Issue No. 3 – To what relief is the Federation entitled?
[45] Based on the outcome under Issue Nos. 1 and 2, the Federation is entitled to (a) a declaration that the Posts are unlawfully defamatory of the Federation, and (b) an order requiring Mr. Ireland to remove the Posts from his social media platform.
[46] The Federation asks the court to permanently enjoin Mr. Ireland from publishing or otherwise communicating, whether in writing or verbally, statements such as or similar to those made in the Posts. To determine whether it would be reasonable to impose a permanent injunction, I consider Mr. Ireland’s conduct over time, including in the context of this proceeding:
- Eleven of the Posts pre-date February 13, 2023 – the date on which Mr. Ireland was personally served with the libel notice;
- After being served with the libel notice, and before receiving a second copy of the libel notice by email from the Federation’s lawyer on March 5, 2023, Mr. Ireland published three of the Posts; and
- After being served with the notice of application, on March 20, 2023, Mr. Ireland published the six most recent of the 20 posts.

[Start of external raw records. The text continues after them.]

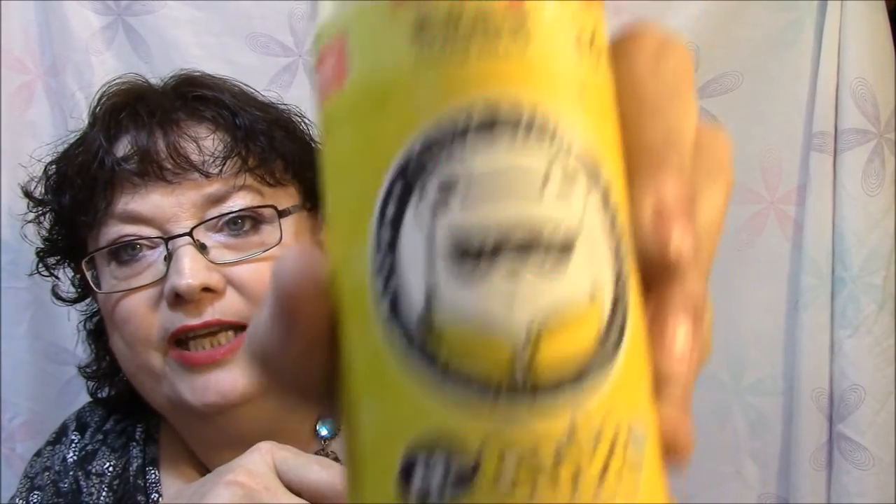I know I said I was never going to get any more because I had plenty, but I got some pencils. These are from Review Kick, and I got these completely free — that's why I got them. There's 36 colors in there, and these are also from China. You can see the Chinese writing there and the little panda on there. There's 36 of them.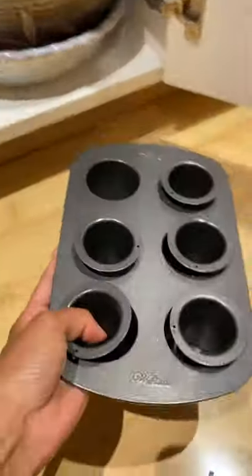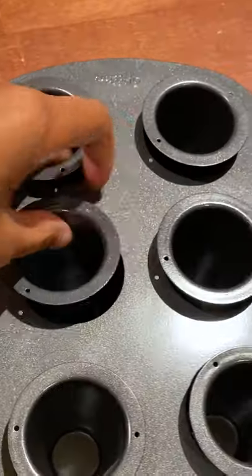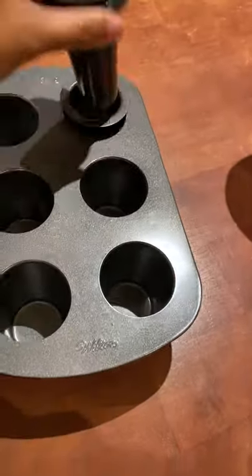This idea seems so foolproof, right? What they don't tell you is that you can't use a typical chocolate chip cookie recipe with it, because it expands and pushes out the molds, and it ends up looking so bad. I wish I could find the photo. And molding the dough was tough. The cups get lopsided when you push the molds in.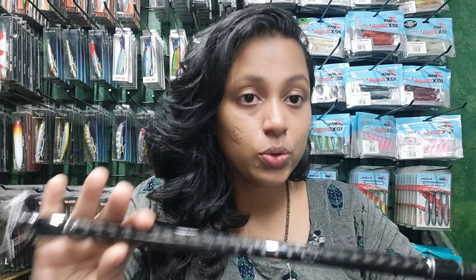This rod is heavy action, so you can remove — it handles over 8 kg.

[47] In response to the libel notice and the notice of application, Mr. Ireland did not cease the campaign he began in July 2021. Instead, he continued the campaign, posting nine of the 20 posts in roughly three months during the first half of 2023 (from late February to mid-May 2023).

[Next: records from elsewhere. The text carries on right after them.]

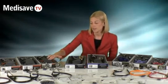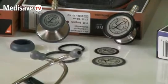Furthering this, I'm going to talk about the Cardiology 3. You'll see that there is a wide range of spares and every part may be replaced.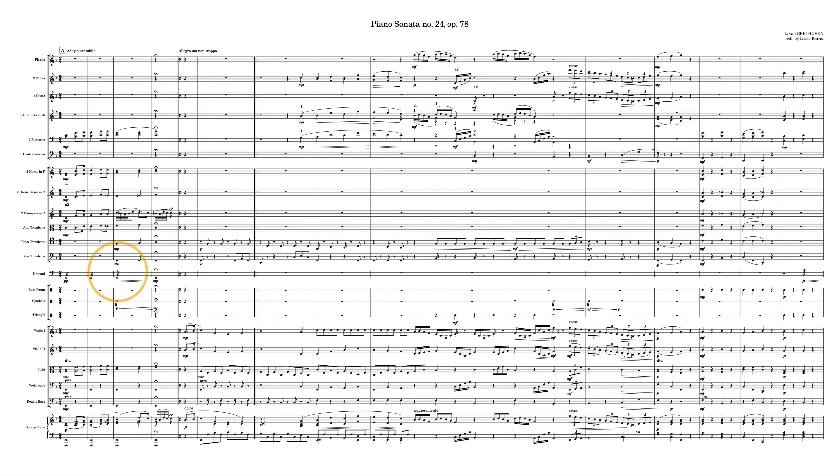Today's bass trombones are basically large bore B-flat instruments with extra triggers that open up additional amounts of tubing tuned in different pitches so the player can really get low. Today's contrabass trombone is pitched in the low F that the old bass trombone used to be pitched in, and it has a much bigger bore — getting this massive bellowing sound if you want it to.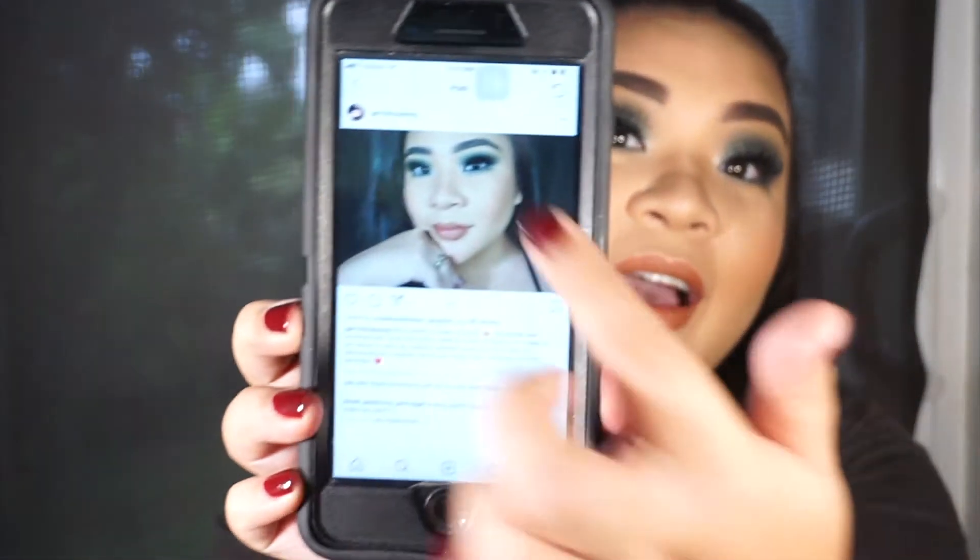Hey guys, what's up, welcome back to my channel. Today I'm gonna show you how I did this eye look. This was an accidental makeup look — I decided to visit my friends and was just gonna go for a nude look, but this happened. I posted it on my Instagram, a lot of people liked it and asked if they wanted to see a video, so this is why we have this video.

[48] I also consider Mr. Ireland’s communication with the Federation’s lawyer before the commencement of and during this proceeding. For example, in the spring of 2023, the Federation’s lawyer sent a copy of the notice of application to Mr. Ireland by email. In the cover email, the Federation’s lawyer informs Mr. Ireland that efforts are being made to schedule the hearing of the application on a date in June 2023.
[49] Mr. Ireland responds to the Federation’s lawyer by email, with an email including the following content (reproduced as it appears in the original):
That’s fine by me
I’ll have the criminal charges for the past and current Dufferin Grey ATV Club Inc. executives, past Central Ontario ATV
Club executives, current executives of Renfrew ATV Club, also past and current executive of Nation Valley ATV Club
plus the current Ontario Federation of ATV Clubs executives executed shortly.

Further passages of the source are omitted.